Data supplied »
■ ■ ■ ■

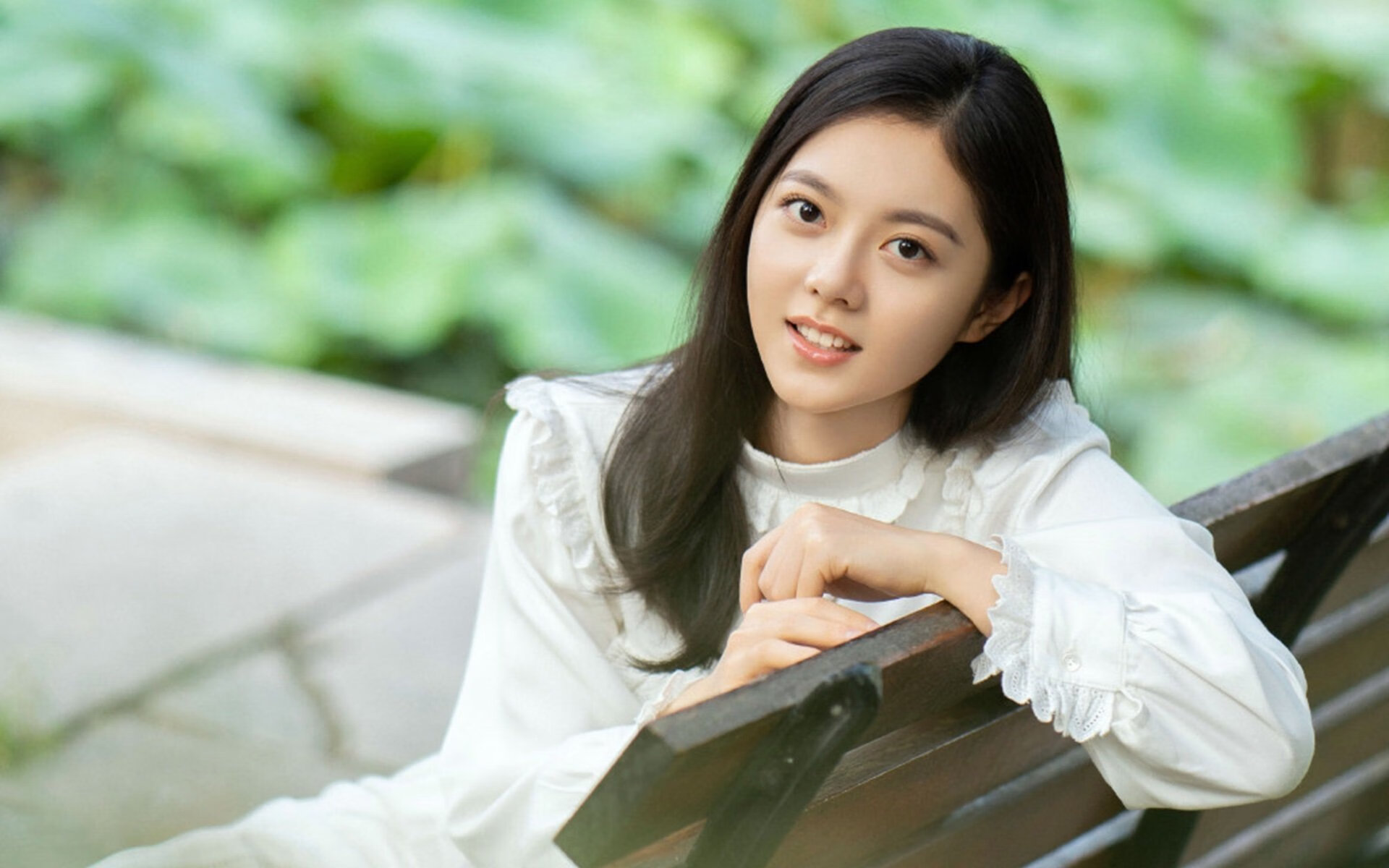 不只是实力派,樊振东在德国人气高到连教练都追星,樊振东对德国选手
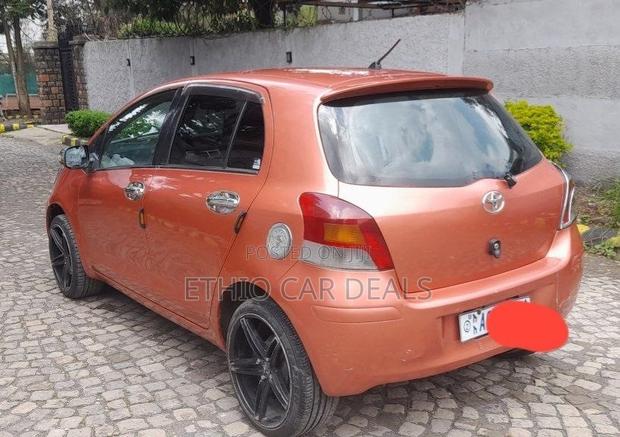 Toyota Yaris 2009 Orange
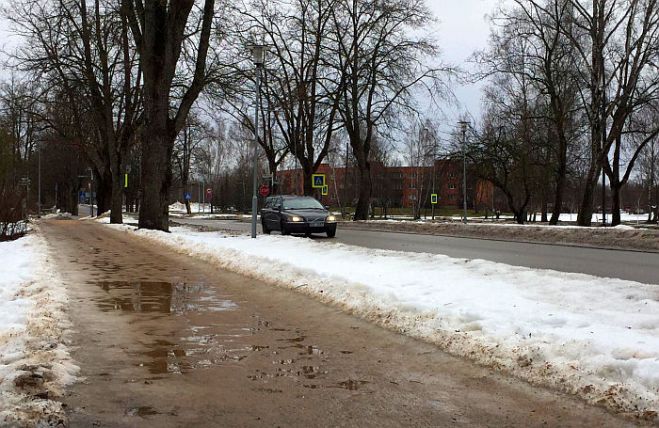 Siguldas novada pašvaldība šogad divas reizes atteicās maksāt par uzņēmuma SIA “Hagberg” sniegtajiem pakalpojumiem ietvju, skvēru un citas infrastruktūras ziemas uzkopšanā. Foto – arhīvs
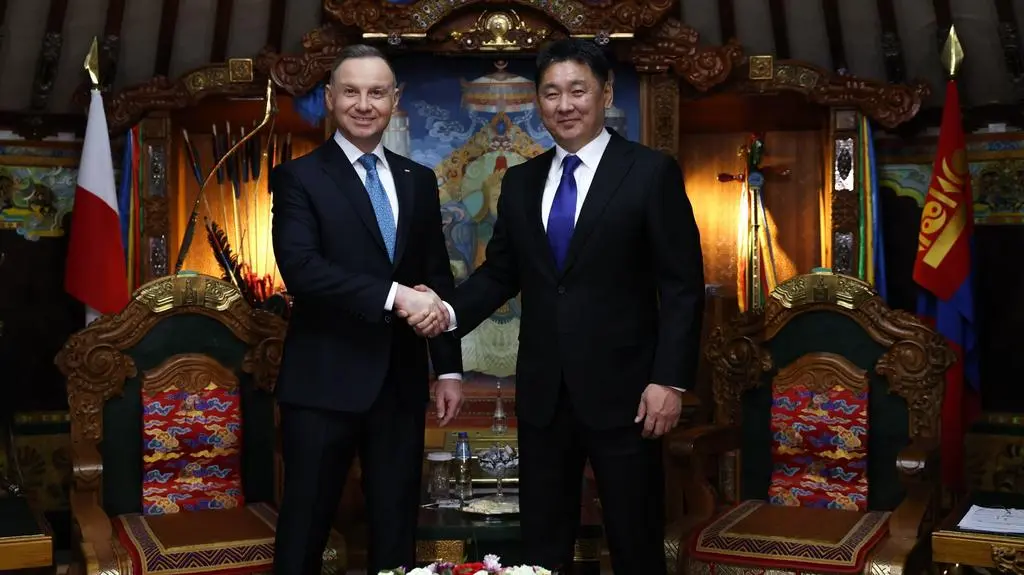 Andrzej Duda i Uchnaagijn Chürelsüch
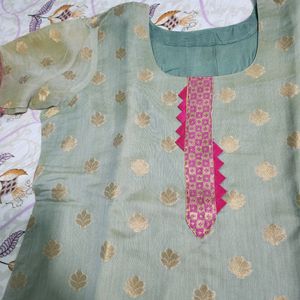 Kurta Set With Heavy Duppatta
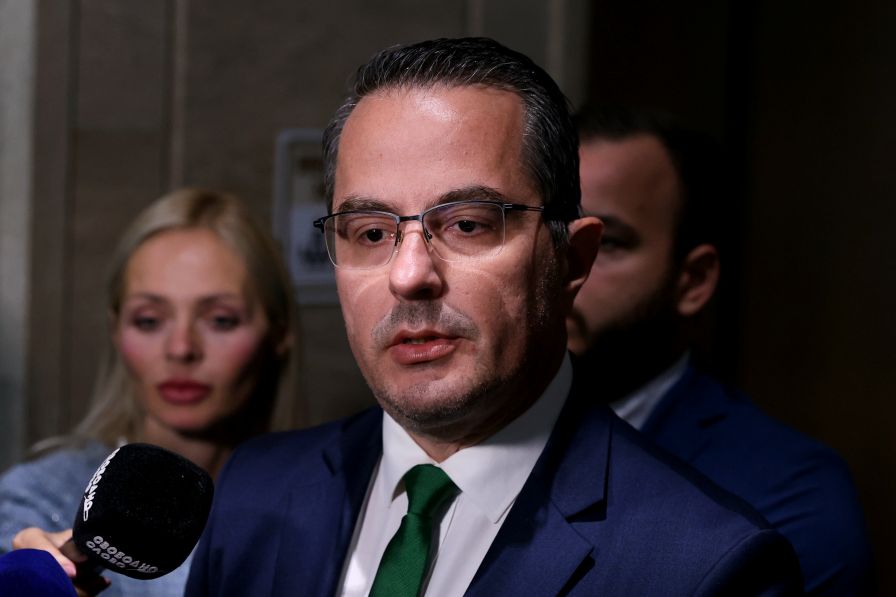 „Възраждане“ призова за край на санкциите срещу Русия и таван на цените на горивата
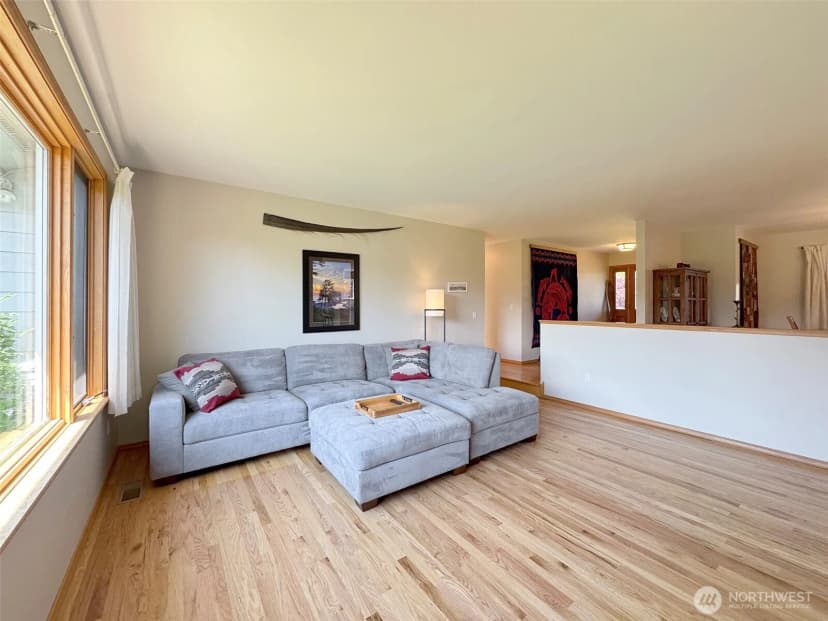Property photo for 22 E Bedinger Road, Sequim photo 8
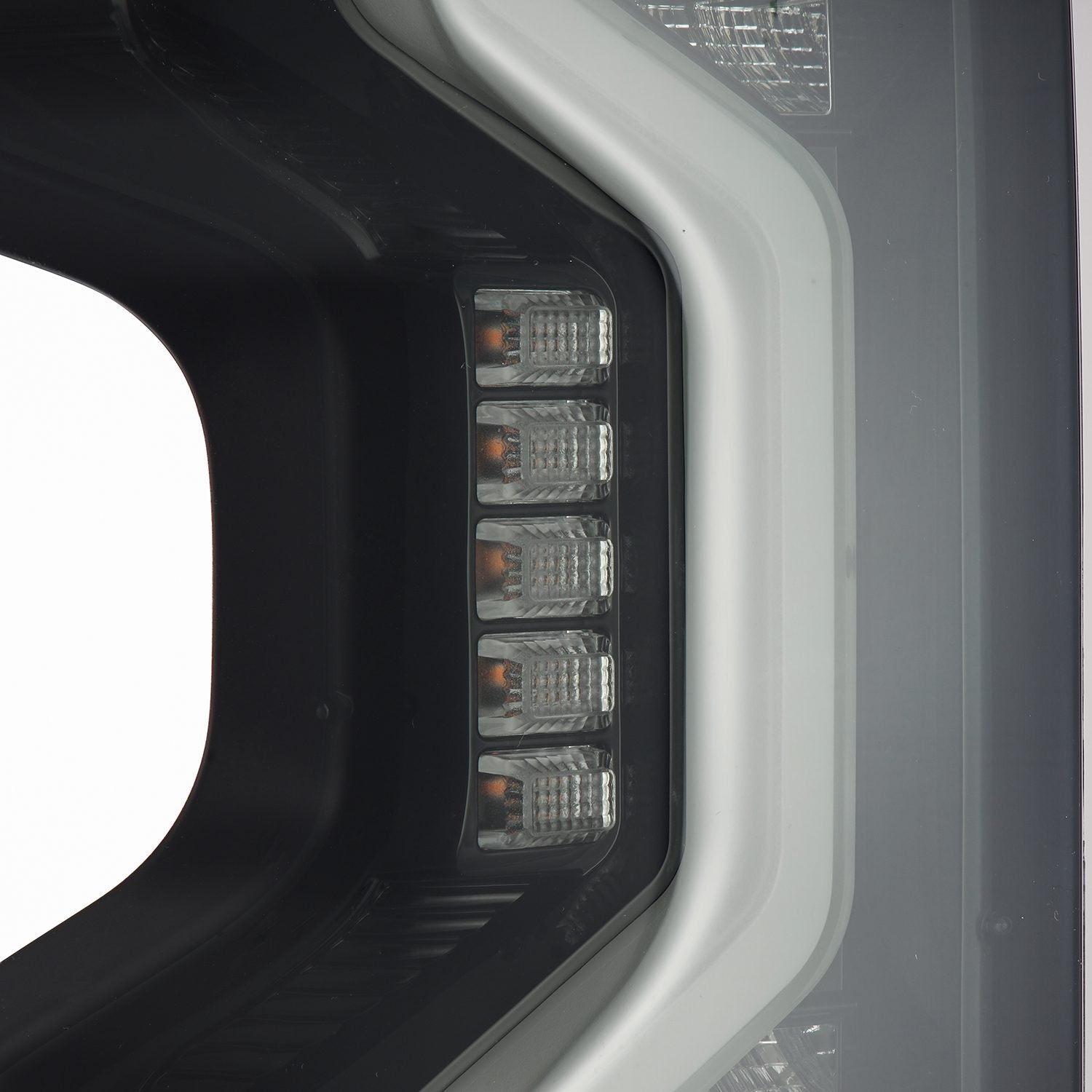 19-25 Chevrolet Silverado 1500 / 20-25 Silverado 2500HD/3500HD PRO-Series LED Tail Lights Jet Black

■ ■ ■ ■

Required work »
Beginning with the line that has "Andrzej Duda i Uchnaagijn Chürelsüch", repeat each remaining line of the data above word for word, keeping pictures out.

Written answer »
 Andrzej Duda i Uchnaagijn Chürelsüch
 Kurta Set With Heavy Duppatta
 „Възраждане“ призова за край на санкциите срещу Русия и таван на цените на горивата
Property photo for 22 E Bedinger Road, Sequim photo 8
 19-25 Chevrolet Silverado 1500 / 20-25 Silverado 2500HD/3500HD PRO-Series LED Tail Lights Jet Black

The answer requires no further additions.